Para la inmensa mayoría de la humanidad, Pinochet es, como Drácula, un símbolo universal de costumbres insalubres. En algunos países, llaman Pinochet a los malos cuadros de fútbol, que llenan los estadios para torturar a la gente.
Sin embargo, todo hay que decirlo, a Pinochet no le faltan admiradores. En Chile, y fuera de Chile. Al fin y al cabo, aunque mató a cuatro mil, él fue el papá del milagro económico que convirtió a Chile en uno de los países más exitosos y más injustos del mundo. Vista con un solo ojo, la única transición posible de la dictadura a la democracia, es la transición de una injusticia a otra injusticia.

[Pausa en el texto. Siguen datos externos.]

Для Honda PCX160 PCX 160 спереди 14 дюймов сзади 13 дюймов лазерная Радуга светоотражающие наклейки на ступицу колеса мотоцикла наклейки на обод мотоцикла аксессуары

En Chile, el cíclope llama “mi general” a Augusto Pinochet. Un himno militar, que el ejército chileno canta, exalta sus hazañas; y aunque la lectura nunca ha sido su pasión principal, la biblioteca de la Academia de Guerra lleva su nombre. Hasta el año pasado, y durante un cuarto de siglo, fue fiesta nacional el día del cuartelazo que en 1973 acabó con la vida de Salvador Allende y con la democracia chilena. Y todavía se llama 11 de Setiembre una de las principales avenidas de Santiago.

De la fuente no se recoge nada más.